> [WHAT YOU ARE ASKED TO DO]: Beginning with the line that includes "Junge Frau lächelnd, trägt", return every remaining line of the material exactly as it reads, but not the pictures.

> [AVAILABLE DATA]:
◆ ◆ ◆ ◆ ◆ ◆ ◆
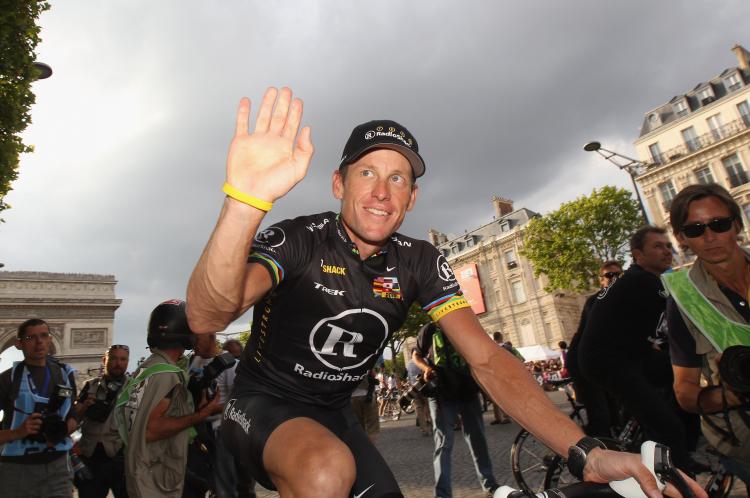 Lance Armstrong waves to fans after the twentieth and final stage of Le Tour de France 2010, from Longjumeau to the Champs-Elysees in Paris, France. (Bryn Lennon/Getty Images) Lance Armstrong waves to fans after the twentieth and final stage of Le Tour de France 2010, from Longjumeau to the Champs-Elysees in Paris, France. (Bryn Lennon/Getty Images)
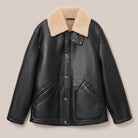 Welt pocket detail on black semi-shine leather coat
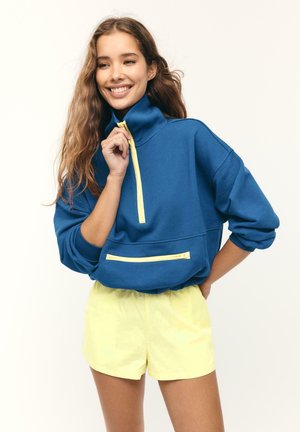 Junge Frau lächelnd, trägt einen blauen Pullover mit gelben Reißverschlüssen und hellgelbe Shorts, posiert mit einer Hand auf der Hüfte und der anderen nahe dem Reißverschluss.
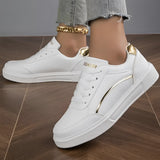 Trendy women's white low-top sneakers with gold accents, featuring a stylish and sporty design, perfect for casual wear and walking.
◆ ◆ ◆ ◆ ◆ ◆ ◆
> [EXERCISE SOLUTION]:
 Junge Frau lächelnd, trägt einen blauen Pullover mit gelben Reißverschlüssen und hellgelbe Shorts, posiert mit einer Hand auf der Hüfte und der anderen nahe dem Reißverschluss.
 Trendy women's white low-top sneakers with gold accents, featuring a stylish and sporty design, perfect for casual wear and walking.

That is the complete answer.